Civil Action-Law-Confession of Judgment-Motion for Leave to Amend-Additional Defendant-Newly Formed Corporation-Obligations of Predecessor-Successor Liability.

Plaintiff, which instituted an action in Confession of Judgment against Defendants Schlabach t/a Dave’s Metal Roofing, a sole proprietorship, to recover a debt for metal roofing supplies, filed a Motion for Leave to file an Amended Complaint to add Dave’s Metal Roofing, LLC, a limited liability corporation, as a defendant. After a bench trial, the Court granted the Motion for Leave to Amend and entered judgment against Defendants. Defendants filed a Motion for Post Trial Relief asserting that the Court erred in granting the Motion for Leave to Amend and adding Dave’s Metal Roofing, LLC, as a Defendant in the case.
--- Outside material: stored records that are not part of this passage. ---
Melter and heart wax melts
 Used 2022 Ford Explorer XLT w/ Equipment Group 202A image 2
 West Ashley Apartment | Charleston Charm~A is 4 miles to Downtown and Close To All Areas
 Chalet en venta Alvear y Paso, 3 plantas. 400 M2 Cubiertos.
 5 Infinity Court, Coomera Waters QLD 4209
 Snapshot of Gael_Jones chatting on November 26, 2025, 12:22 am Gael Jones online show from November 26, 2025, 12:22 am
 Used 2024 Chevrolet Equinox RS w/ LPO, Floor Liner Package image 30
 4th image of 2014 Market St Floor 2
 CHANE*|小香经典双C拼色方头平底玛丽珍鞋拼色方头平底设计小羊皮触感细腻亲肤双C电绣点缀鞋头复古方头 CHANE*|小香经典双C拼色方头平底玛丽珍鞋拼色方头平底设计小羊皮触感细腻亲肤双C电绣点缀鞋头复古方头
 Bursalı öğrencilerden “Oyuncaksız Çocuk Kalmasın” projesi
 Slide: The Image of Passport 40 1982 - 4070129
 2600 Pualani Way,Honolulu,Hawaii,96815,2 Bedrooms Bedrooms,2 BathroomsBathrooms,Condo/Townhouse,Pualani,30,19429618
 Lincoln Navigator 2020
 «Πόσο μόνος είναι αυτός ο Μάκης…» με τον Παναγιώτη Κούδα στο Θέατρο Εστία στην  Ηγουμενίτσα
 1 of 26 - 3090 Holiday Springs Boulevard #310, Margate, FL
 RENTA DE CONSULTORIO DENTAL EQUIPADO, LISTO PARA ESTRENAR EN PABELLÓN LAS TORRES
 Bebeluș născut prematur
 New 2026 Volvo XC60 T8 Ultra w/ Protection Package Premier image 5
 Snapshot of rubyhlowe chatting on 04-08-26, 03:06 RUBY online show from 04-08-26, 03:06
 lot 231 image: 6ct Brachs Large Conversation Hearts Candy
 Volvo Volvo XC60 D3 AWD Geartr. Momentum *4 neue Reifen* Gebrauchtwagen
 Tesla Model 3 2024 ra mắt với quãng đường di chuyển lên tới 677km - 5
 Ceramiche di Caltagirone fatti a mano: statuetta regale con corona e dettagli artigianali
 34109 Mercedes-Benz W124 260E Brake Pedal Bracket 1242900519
1. A newly formed corporation does not necessarily assume the obligations of its predecessor. However, this general rule is not applicable when: (1) the new company is a de factor merger; (2) the new company merely is a continuation of the previous company; (3) the transaction fraudulently is entered into in order to escape liability; or (4) the transfer was made without adequate consideration and provisions being made for creditors of the transferor.

2. Since the evidence adduced at trial indicated that there was a de factor merger of the entities, the new limited liability corporation was a continuation of the sole proprietorship, the new entity had been established to escape liability and no provisions had been made for the creditors of the sole proprietorship, the new entity properly could be held jointly and severally liable with its predecessor under the theory of successor liability.

3. The theory of successor liability is applicable to situations involving different types of business entities, including when a sole proprietorship merges into a limited liability corporation.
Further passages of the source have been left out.